With all the meaningless bills Congress votes on, how about one that most people want; no more daylight savings time. It wastes energy and is hard on our bodies creating more health problems. You'd think that Congress would want to "save energy" and "be more mindful of health issues." Go figure! Demolish DST!


Please, stop the time changes.
And it has always been backward to me anyway. Need the day light in the
winter not the summer.

BC Canada

They just passed rules to stay on DST all year. This makes them the same as the time zone beside them, unless they follow their example.
I see and hear this mistake regularly, even on news reports. Revert means back “revert back” isn’t correct.


Stop it altogether. It’s not healthy & it is expensive.

daylight saying time

its bad all the way around its is why some countrys dont do it any more so why should we thank you mjg


Get rid of it. Only messes with sleep of people and family pets,and farmers. It serves no real purpose.


There is not an animal I know who needs or cares about time, except the human species. Standard time, please. I function much better, physically and mentally, on "winter time" and I won't have explain to the cat why his dinner is late.


I would prefer to have Daylight Savings Time all year, but in any case just stick with one time or the other please.

DST vs Atlantic Time

Here in Maine, I believe that we should just change to Atlantic time with no more switching back and forth.

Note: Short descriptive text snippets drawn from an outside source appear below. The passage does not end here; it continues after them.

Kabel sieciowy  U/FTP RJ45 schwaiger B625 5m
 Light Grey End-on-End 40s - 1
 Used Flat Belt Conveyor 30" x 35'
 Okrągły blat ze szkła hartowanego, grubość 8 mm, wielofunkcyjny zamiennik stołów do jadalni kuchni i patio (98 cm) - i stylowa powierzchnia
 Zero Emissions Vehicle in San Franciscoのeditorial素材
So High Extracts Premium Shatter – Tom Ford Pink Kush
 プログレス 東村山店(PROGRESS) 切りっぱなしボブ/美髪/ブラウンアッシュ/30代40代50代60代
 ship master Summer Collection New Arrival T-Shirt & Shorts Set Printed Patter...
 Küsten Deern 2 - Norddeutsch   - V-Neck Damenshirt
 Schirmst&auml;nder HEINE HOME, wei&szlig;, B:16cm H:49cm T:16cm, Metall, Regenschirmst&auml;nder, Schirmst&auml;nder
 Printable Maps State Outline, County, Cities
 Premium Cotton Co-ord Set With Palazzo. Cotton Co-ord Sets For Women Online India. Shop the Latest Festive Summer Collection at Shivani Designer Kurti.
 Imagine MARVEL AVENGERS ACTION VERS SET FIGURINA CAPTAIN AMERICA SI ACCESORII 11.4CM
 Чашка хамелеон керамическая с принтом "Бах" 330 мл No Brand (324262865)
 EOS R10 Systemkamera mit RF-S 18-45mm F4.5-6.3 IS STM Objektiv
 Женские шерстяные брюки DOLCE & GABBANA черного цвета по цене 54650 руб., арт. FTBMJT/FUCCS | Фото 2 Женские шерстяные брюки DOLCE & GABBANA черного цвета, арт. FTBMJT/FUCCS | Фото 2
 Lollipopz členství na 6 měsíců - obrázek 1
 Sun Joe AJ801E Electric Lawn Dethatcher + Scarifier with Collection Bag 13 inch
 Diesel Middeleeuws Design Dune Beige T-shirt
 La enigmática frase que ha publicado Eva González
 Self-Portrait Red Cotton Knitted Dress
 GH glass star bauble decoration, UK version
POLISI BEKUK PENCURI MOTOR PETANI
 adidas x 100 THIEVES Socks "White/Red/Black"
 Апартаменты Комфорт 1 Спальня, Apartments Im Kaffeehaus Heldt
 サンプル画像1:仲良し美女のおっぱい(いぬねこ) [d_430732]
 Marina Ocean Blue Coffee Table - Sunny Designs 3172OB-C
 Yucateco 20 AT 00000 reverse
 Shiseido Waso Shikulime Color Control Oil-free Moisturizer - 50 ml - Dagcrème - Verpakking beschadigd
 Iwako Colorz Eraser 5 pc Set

Get rid of it. There are no benefits. It is simply disruptive.

End daylight savings time

As a teacher, I favor ending DST. Every spring I struggle to adjust for a few weeks. Before the time change in spring, I become accustomed to driving in morning light. Then change in time puts us commuters back in the dark.

I like DST

When we fall back I feel like it’s Christmas. I get up at what is now six am and it’s light out. I am well rested. I lived in Arizona for years where they don’t have DST. I hated it. It was pitch dark when my kids walked to the bus.


I'm in favor of keeping it year round daylight savings time.I deliver packages for a living and it's much easier to see a house in the daylight at 5:00 pm when it's light out not dark in the winter months


Considering how the population of this planet is descending into chaos, and the massively devastating world war that is sure to follow, this is really a non-issue at this point in Human history!

We're all going to be forced back into the sundial era in the very near future, those of us that survive that is!


DST is about the stupidest thing our government has ever come up with. You still have the SAME number of daylight hours, no matter what the clocks say. As far as school... I started elementary school back in the 50's. The distance we lived from the school made us "walkers". I don't ever remember having to walk TO school in the dark or not having enough daylight walking home to stop at the creek and hunt to see what critters were still out and about.


We in California don’t like DST period!